Commissioner of Transport for London
- In office 24 September 2015 – 29 June 2020
- Preceded by: Sir Peter Hendy
- Succeeded by: Andy Byford

Personal details
- Born: 14 April 1964 (age 61)

= Mike Brown (transport executive) =

Northern Irish-English transport planner and executive

Michael William Tuke Brown (born 14 April 1964) is a British transport executive who was the Commissioner of Transport for London from September 2015, upon his appointment by Mayor of London Boris Johnson, until June 2020.

==Career==
Brown started work for London Underground in 1989, rising to become its Chief Operating Officer in 2003. From 2008 to 2010, he moved to be Managing Director of Heathrow Airport. In 2010, he was appointed Managing Director of London Underground and London Rail.
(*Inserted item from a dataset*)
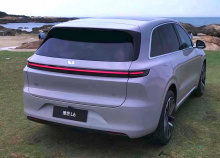 Li Auto — молодой китайский бренд, основанный в 2015 году. Однако он уже закрепил за собой позицию одного из самых продаваемых китайских брендов (внутри страны). В 2023 году Li Auto продала более 370 000 автомобилей. Текущий модельный ряд представлен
On 16 July 2015, Brown became Interim Commissioner of Transport for London after the departure of Sir Peter Hendy. In September 2015, he was appointed commissioner on a permanent basis by the TfL board. Following the November 2016 Croydon tram derailment, he was one of two top Transport for London (TfL) officials to decline a performance bonus.

As of June 2017, Brown is a board member of London and Partners, chair of the Strategic Transport Apprenticeship Taskforce, and chair of the National Skills Academy for Rail.

In October 2019, TfL announced that Brown would be leaving his role as Commissioner in May 2020 to chair the Delivery Authority for the restoration of the Houses of Parliament.

In June 2022, he was appointed Chair of the Rail Safety and Standards Board.

== Honours and awards ==
Brown was appointed Member of the Royal Victorian Order (MVO) in the 2002 Birthday Honours "for services to the Golden Jubilee" for his work at TfL during what has been called "one of the Underground’s greatest-ever organisational challenges".

In 2016, he was awarded an honorary doctorate (LL.D.) by his alma mater, Queen's University Belfast, "for distinction in public service".

In 2020, he was appointed Commander of the Order of the British Empire (CBE) in the 2020 Birthday Honours for services to transport.